## Available data
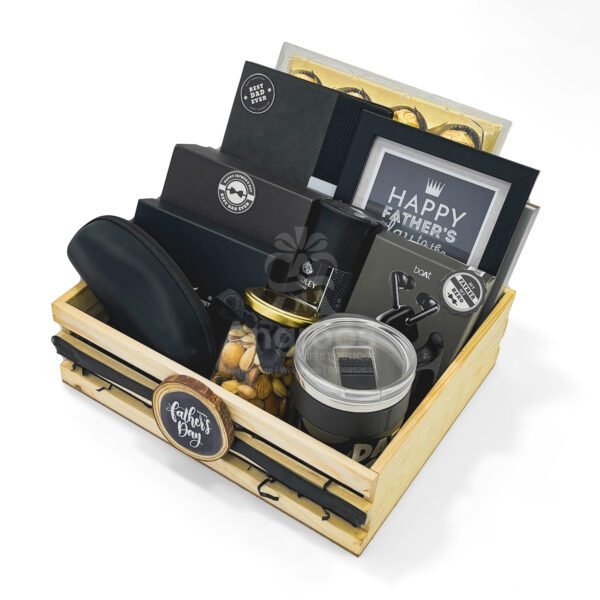 Luxury Gift Hamper for Father’s Day with Wallet, Sunglasses, Tech & More – Wooden Crate Packaging - Image 3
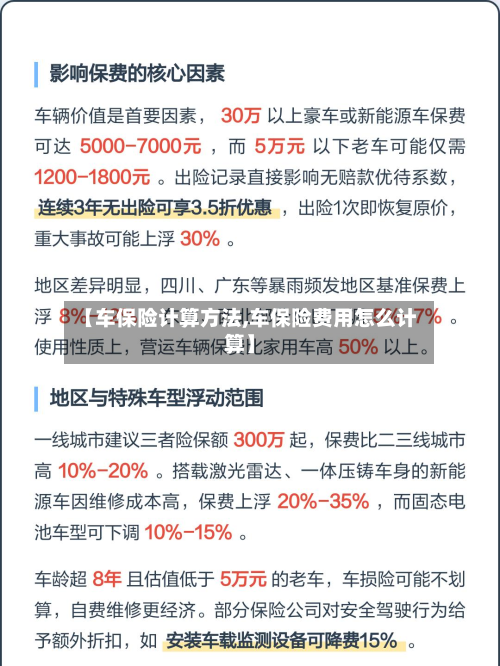 【车保险计算方法,车保险费用怎么计算】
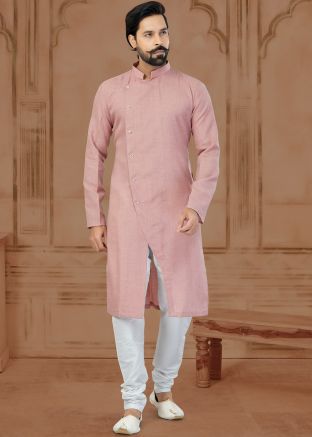 Pink Mens Kurta Pajama In Cotton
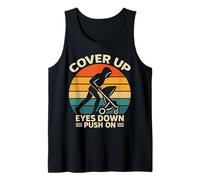 Bald Papa COVER UP EYES DOWN PUSH ON Funny Paternity Tank Top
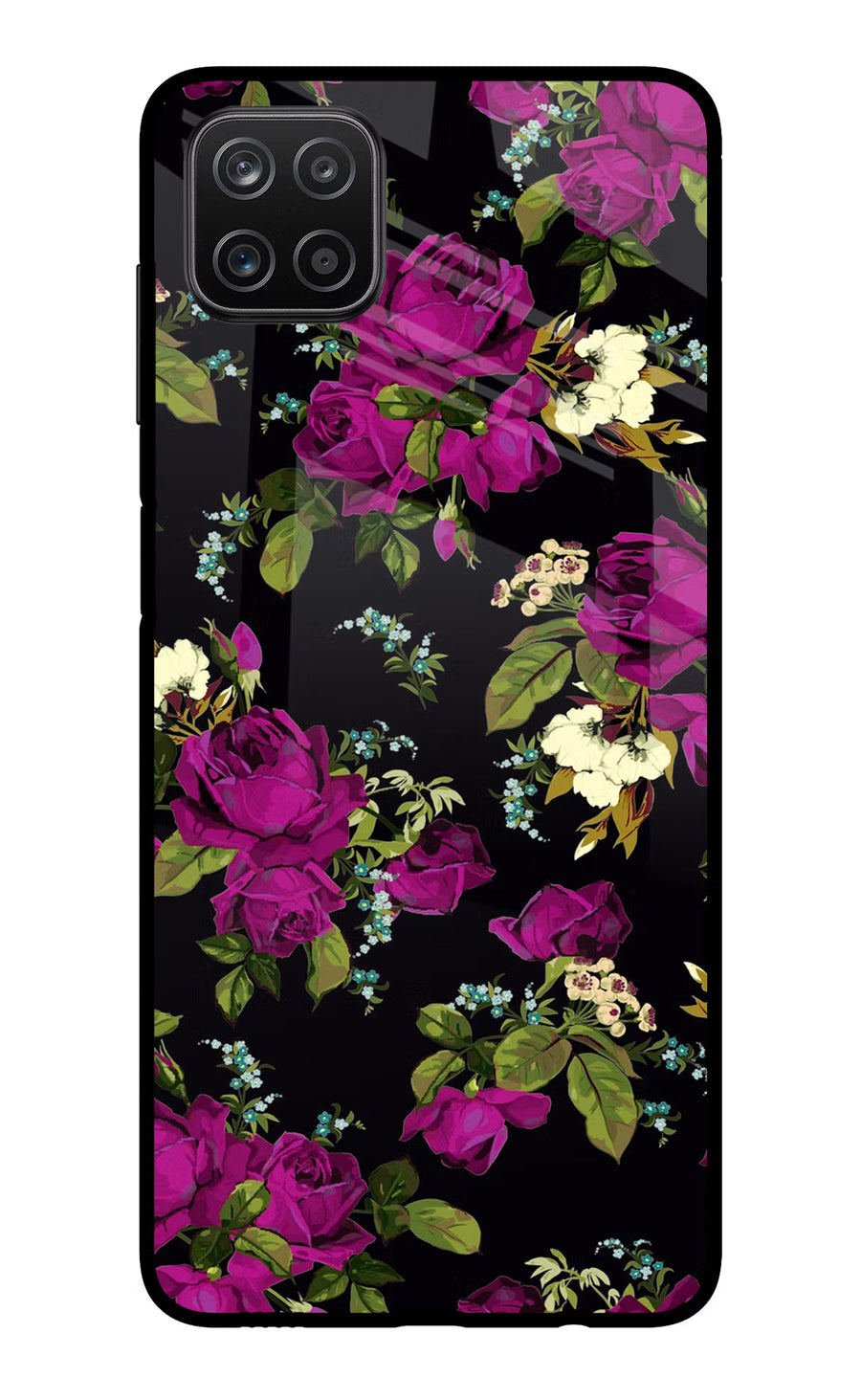 Flowers Samsung A12 Back Cover, Metal case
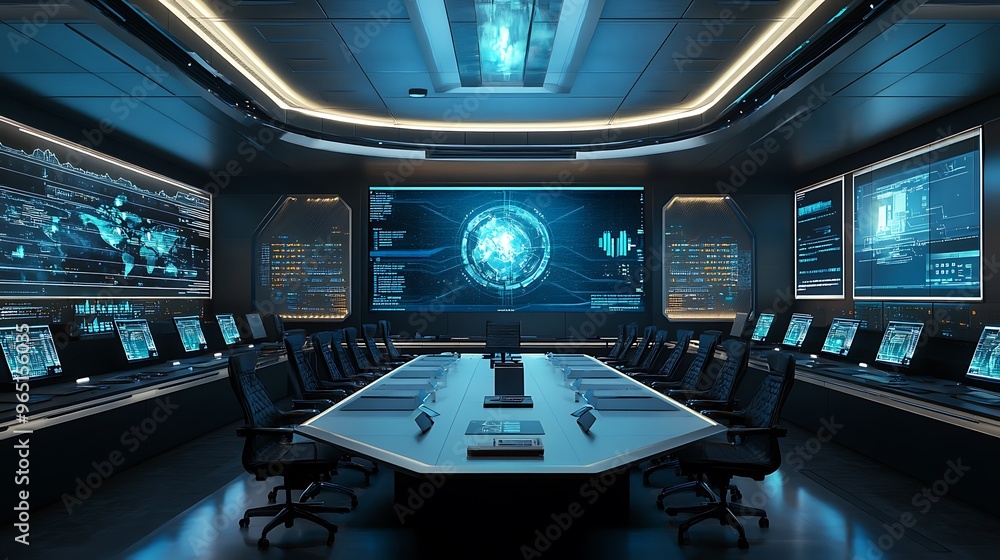 Futuristic Control Room with Global Monitoring Futuristic Control Room with Global Monitoring
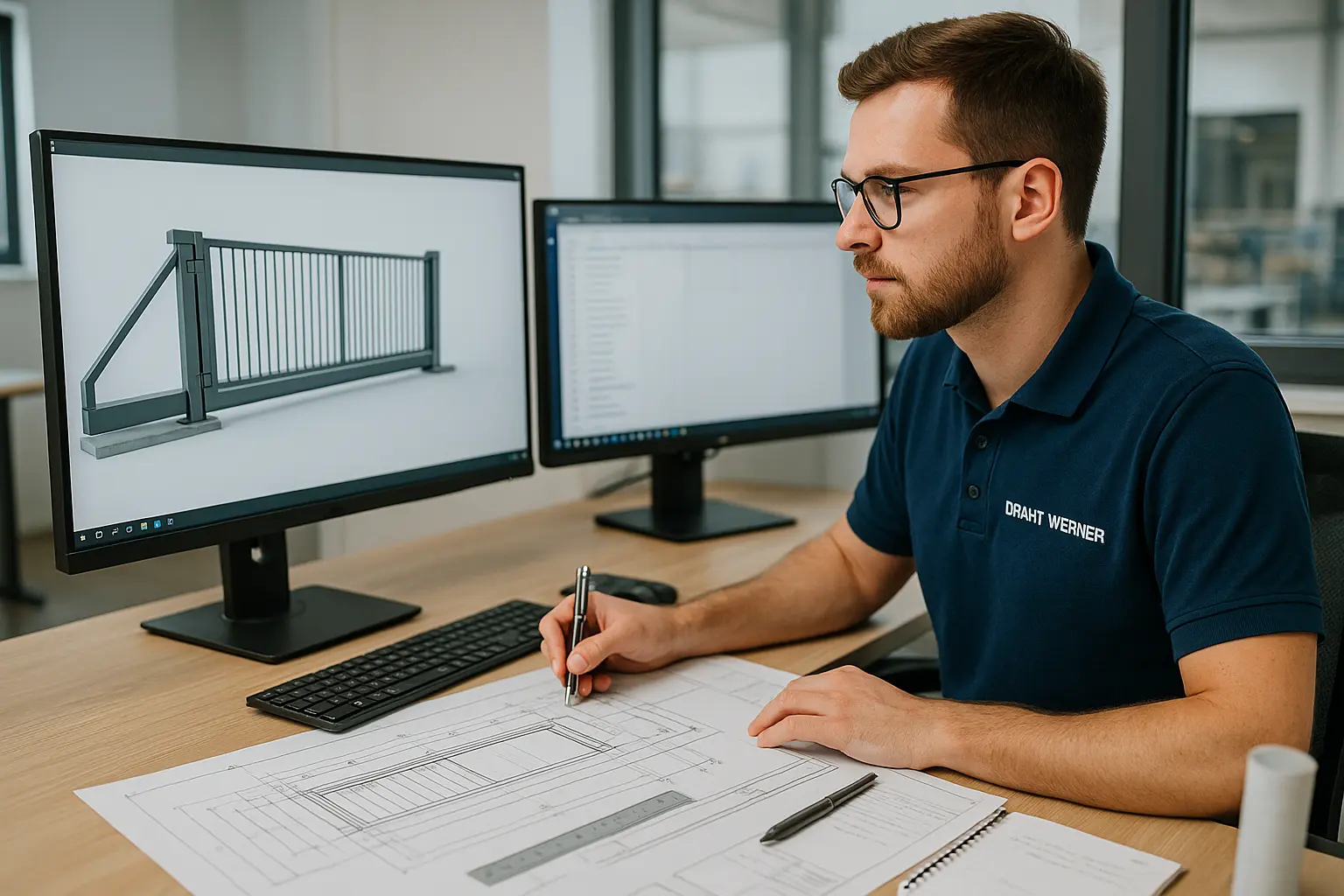 Bauzeichner am CAD-Arbeitsplatz – Draht-Werner Metalltechnik Kiel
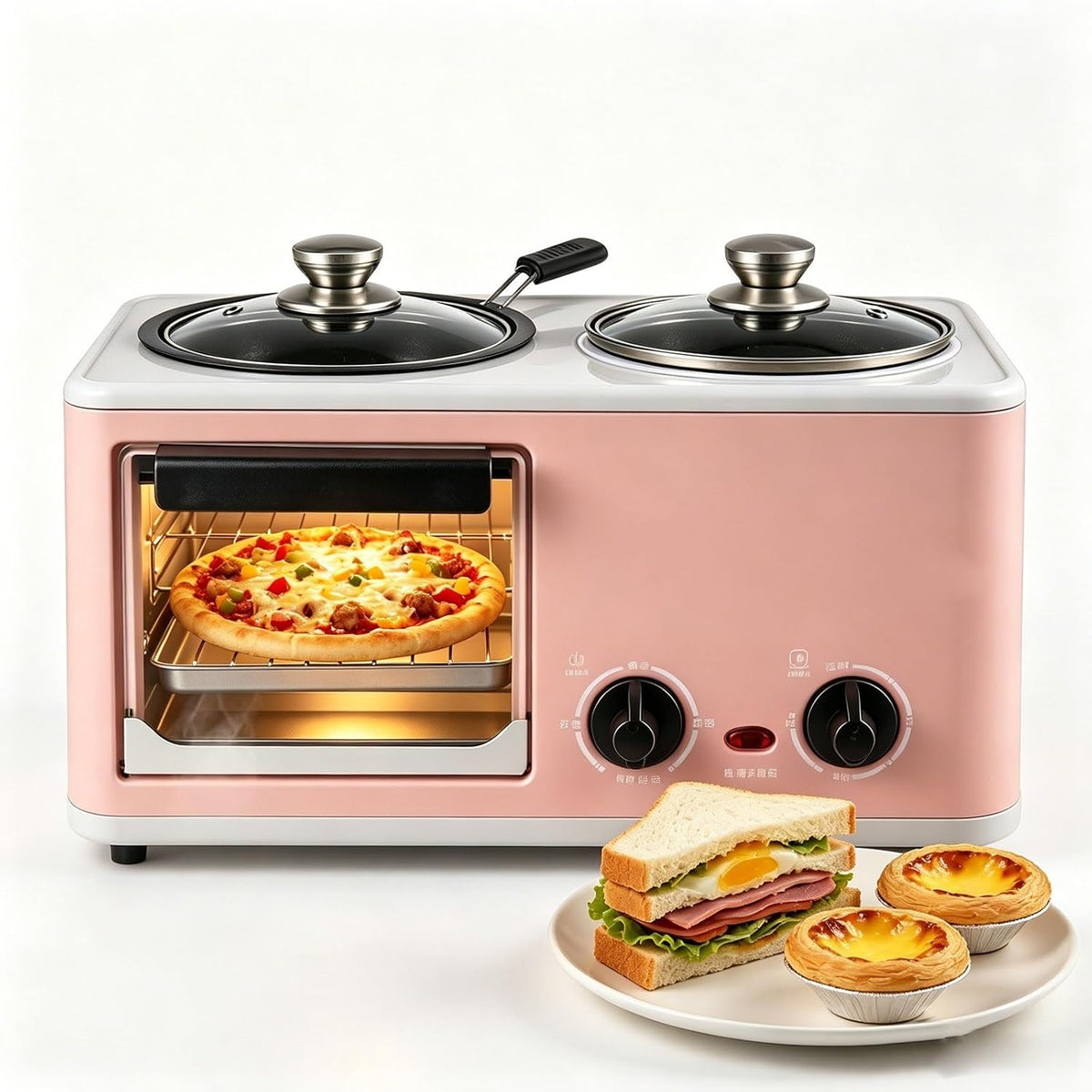 Knupis Machine à petit-déjeuner 3 en, 1 L, 9 L, minuterie, poêle à griller antiadhésive, contrôle de la température à deux zones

## Task statement
Above are some records; extract exactly the lines from the one containing "Bald Papa COVER" through the one containing "Bauzeichner am CAD-Arbeitsplatz" and drop the pictures.

## Exercise output
 Bald Papa COVER UP EYES DOWN PUSH ON Funny Paternity Tank Top
 Flowers Samsung A12 Back Cover, Metal case
 Futuristic Control Room with Global Monitoring Futuristic Control Room with Global Monitoring
 Bauzeichner am CAD-Arbeitsplatz – Draht-Werner Metalltechnik Kiel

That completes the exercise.